Sat | Apr 1, 2023

'Music and Lyrics' assesses impact of 'daggering' ban

Published:Sunday | February 21, 2010 | 12:00 AM

Mel Cooke, Gleaner Writer

During Reggae Month last year - in fact, on Bob Marley's birthday - the Broadcasting Commission issued a directive that would have far-reaching effect on the Jamaican music content being given airplay. The commission instructed that:
"There shall not be transmitted through radio or television, any recording, live song or music video which promotes the act of 'daggering' or which makes reference to, or is otherwise suggestive of 'daggering'. There shall not be transmitted through radio or television or cable services, any audio recording, song or music video which employs editing techniques or bleeping of its original lyrical content."

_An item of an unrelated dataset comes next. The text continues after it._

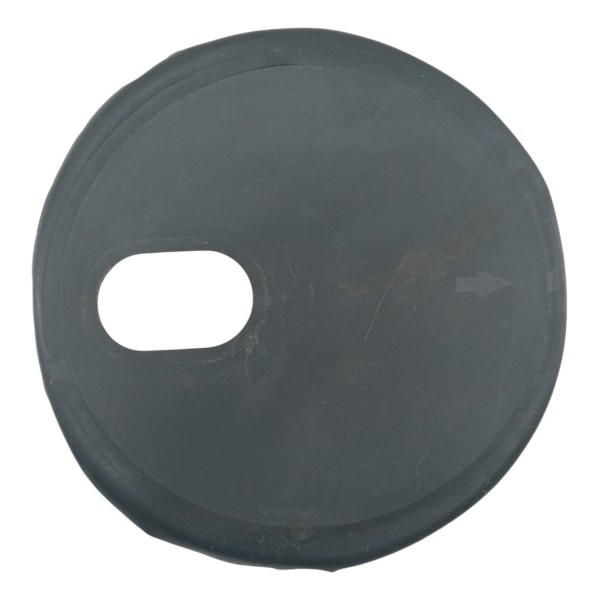 Tampa Assoalho Tanque Combustível Vw Gol Voyage G5 2009 2011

A year after the ban, the impact of the directive was assessed in audio-visual interviews with stakeholders in music, academia and media, hosted by Ian Boyne. 'Music and Lyrics - a Year After the Broadcasting Commission Directive' was shown on Thursday afternoon during the 2010 International Reggae Conference at the University of the West Indies (UWI), Mona Campus.

In the two panels - the guests changed midway through the programme - there was consensus that the ban was necessary and even welcomed, with Media Association of Jamaica head Gary Allen saying that the definitive step negated a case by case assessment approach.

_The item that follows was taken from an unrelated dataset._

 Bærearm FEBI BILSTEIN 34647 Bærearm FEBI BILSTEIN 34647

Recording artiste Ce'Cile said that the pre-ban situation had got that bad and "we were seeing how much we could get away with." She spoke of a conversation she had with deejay Bounty Killer, known for his strong onstage speeches and often aggressive songs, after the directive was issued and he said that it was necessary.

Everyone has rights

Still, she pointed out that most artistes do make clean versions of their songs, but it is up to the disc jockeys to play them.

Broadcasting Commission chairman Dr Hopeton Dunn said that one year later the Commission's action "seems to have been vindicated". He said "we hold the view that in Jamaica we need to be right on regulation." Dunn spoke to those intent on exercising their rights without regard to responsibility or the rights of others, adding that the Commission wishes to utilise regulations in a way that reminds the public that everyone has rights - including children.

L'Antoinette Stines, founder of L'Acadco Dance Company, related choreographing a dance with children and, during a rehearsal, the deejay put on a 'daggering' song briefly. "Right away the girls were on the floor and the men were on top of them," she said.

As that panel wrapped up, Ce'Cile conceded that before the ban "some very clever artistes were being very lazy", pointing to a couple performers who put out excellent material after the directive was issued.

The second panel comprised deejay Konshens, Dr Sonjah Stanley-Niaah of UWI, the Broadcasting Commission's Cordel Green and Stephen Stewart from the Jamaica Recording Industry Association. Stewart testified to the effect the directive has had on the creative process, as "even from our place in the studio there is a lot more com-mentary when we are doing a production, but we have to be careful, this might not get played."

Green put last February's directive in context, saying the process had begun in 2003 with the Children's Code for Programming. It was not issued in isolation either, as there had been a consultation process from 2008. Stanley-Niaah gave further context, saying "we have to understand that we are in an age of information overload. A lot of that is going through the music."

"We have to remind our musicians, singers and players of instruments that they have a tremendous responsibility," Stanley Niaah said.


Stewart spoke to the issue of payola and the need for disc jockeys to use a proper playlist, Konshens also addressing matters from a performer's perspective.

And, in terms of the effect of the directive Green summed it up by saying "there has been a shift, a quantum shift."

In the post-screening discussion there was substantial criticism from members of the audience, mainly younger adults, about the composition of the panels, as there was no dissenting voice; some questioned the responses in the street interviews that were interspersed in the programme. Dunn and Green addressed these issues, saying there had been no bias and went on to explain how the Commission works.

And specifically about the directive, Green said "before, people were blaming the Broadcasting Commission for the decline. That is because we do not believe in censorship. We had to step in, in response to extreme circumstances."